■ DIRECTIONS ■
The material below holds pictures, which are to be left out; copy exactly the lines from the one with "10x1156 3014 50SMD" through the one with "Endura Edelbrock 610021".

■ EXERCISE MATERIALS ■
◆ ◆ ◆ ◆ ◆

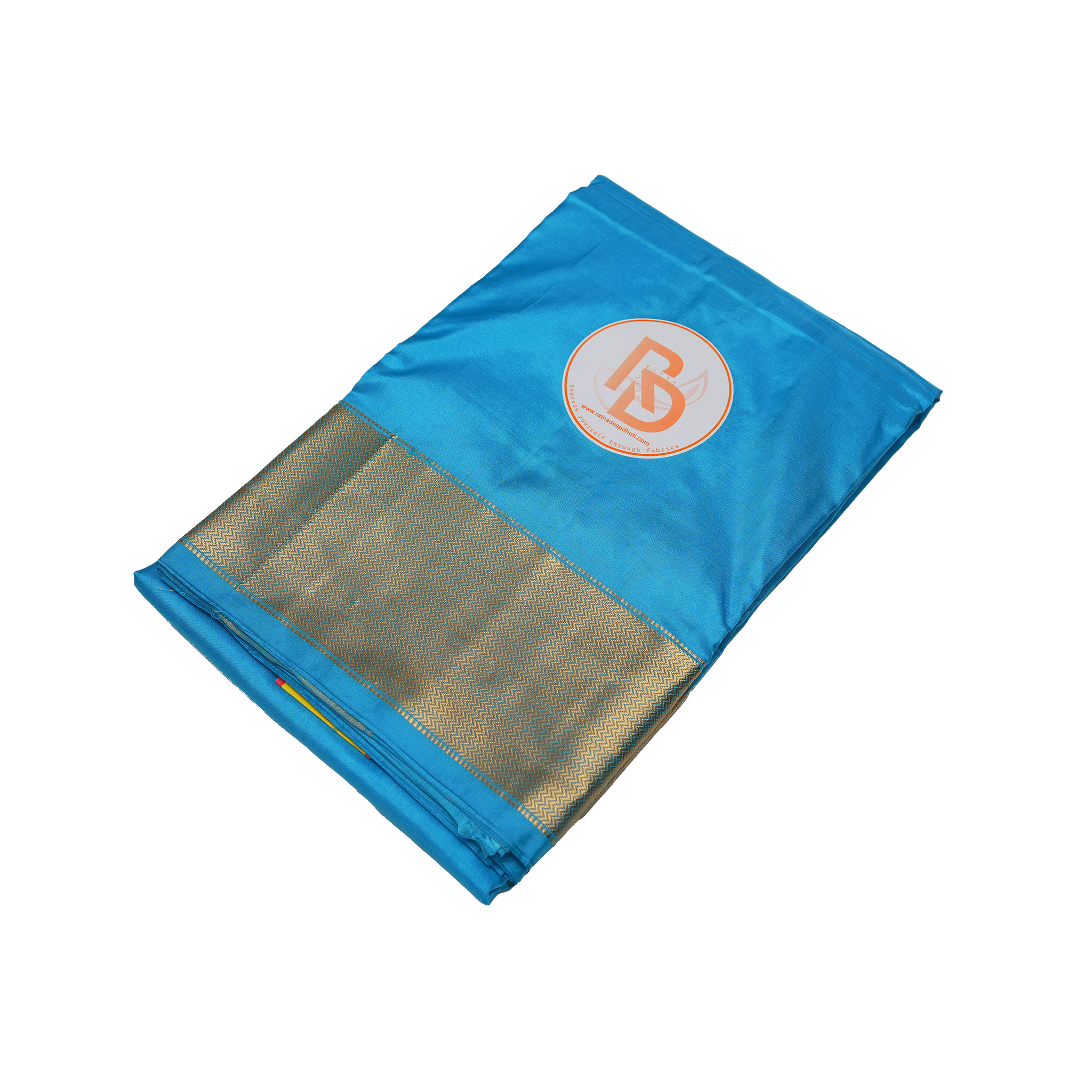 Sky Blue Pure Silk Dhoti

◆ ◆ ◆ ◆ ◆

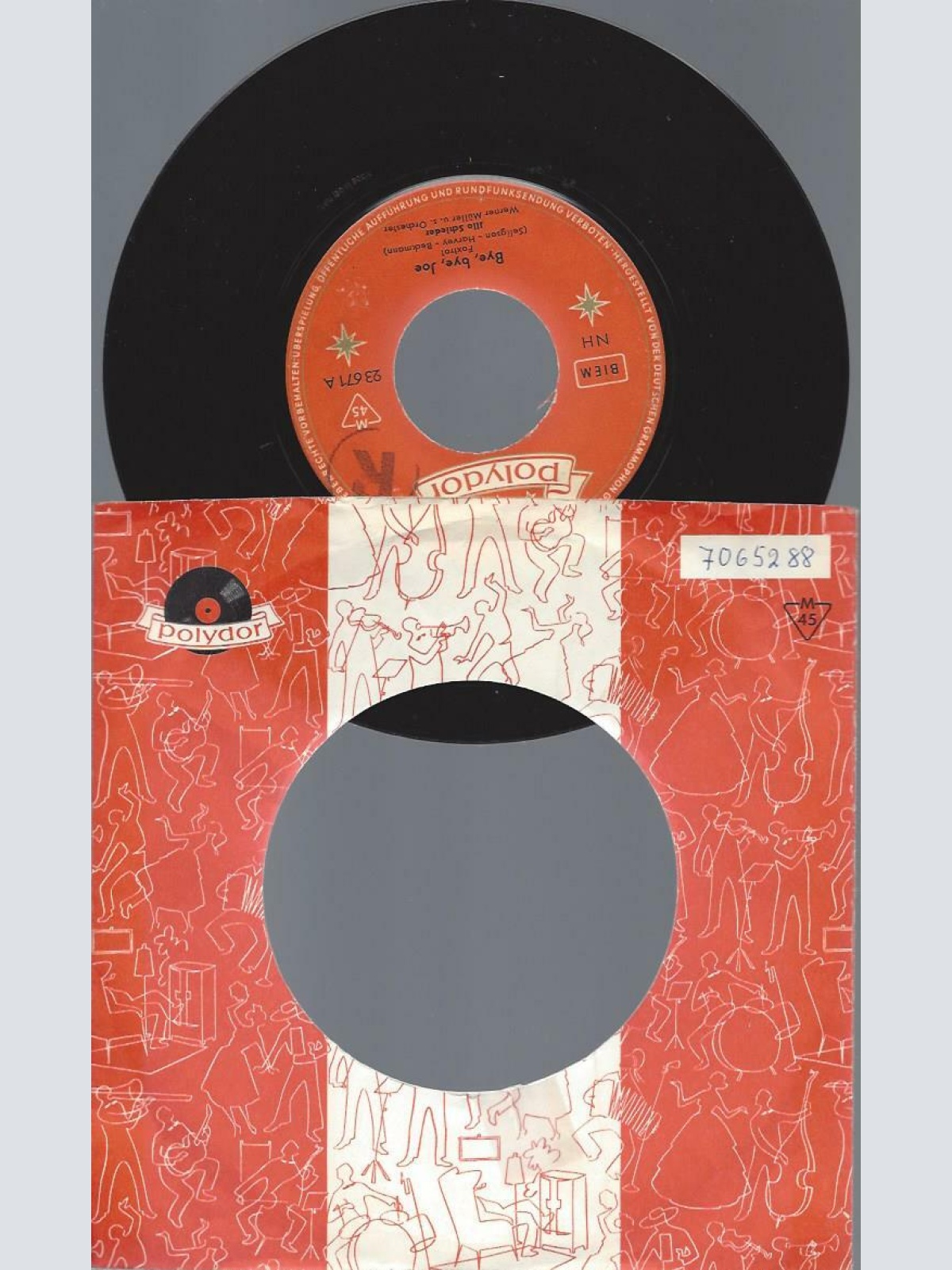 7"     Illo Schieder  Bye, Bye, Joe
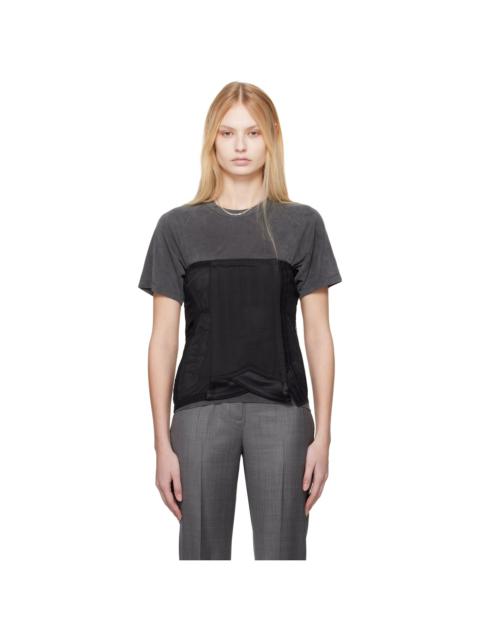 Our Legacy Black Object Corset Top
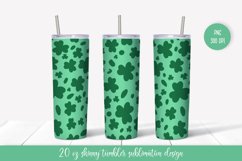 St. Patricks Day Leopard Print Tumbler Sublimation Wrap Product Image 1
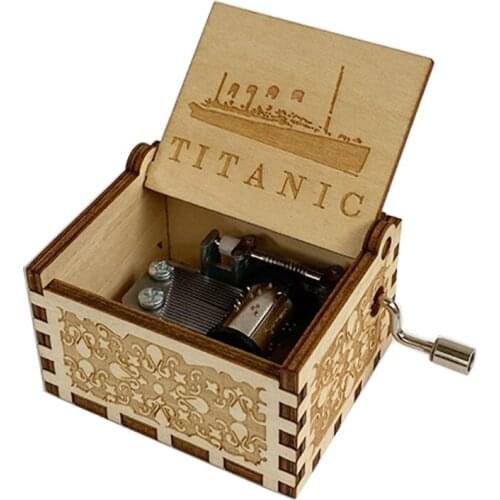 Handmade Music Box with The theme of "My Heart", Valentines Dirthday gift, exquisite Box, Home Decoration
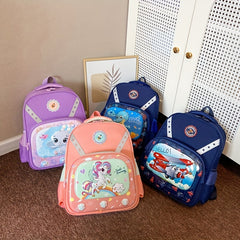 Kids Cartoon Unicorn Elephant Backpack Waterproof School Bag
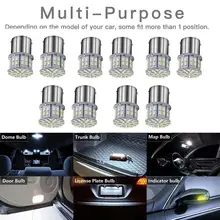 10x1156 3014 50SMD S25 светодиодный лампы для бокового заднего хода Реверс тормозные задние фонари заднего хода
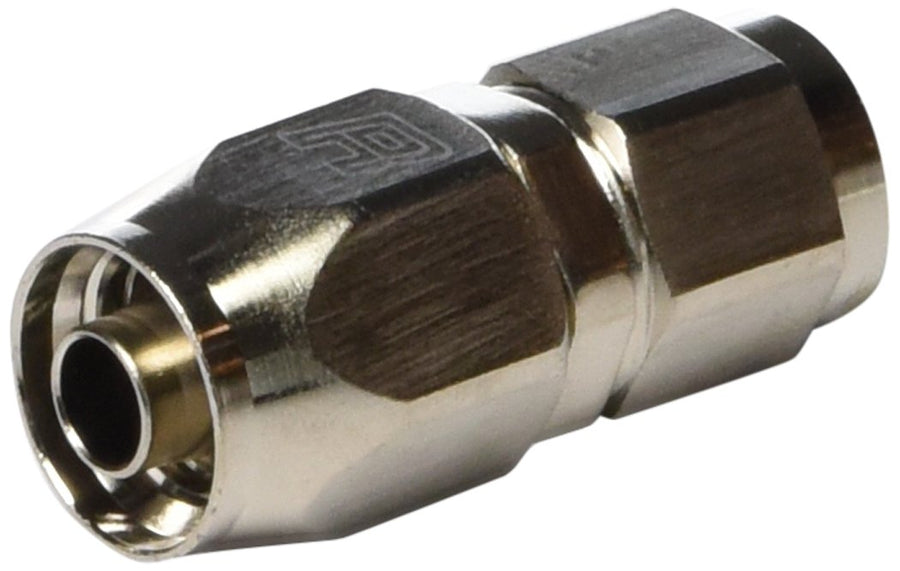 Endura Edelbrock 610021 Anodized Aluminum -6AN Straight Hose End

◆ ◆ ◆ ◆ ◆

■ REPLY ■
 10x1156 3014 50SMD S25 светодиодный лампы для бокового заднего хода Реверс тормозные задние фонари заднего хода
 Endura Edelbrock 610021 Anodized Aluminum -6AN Straight Hose End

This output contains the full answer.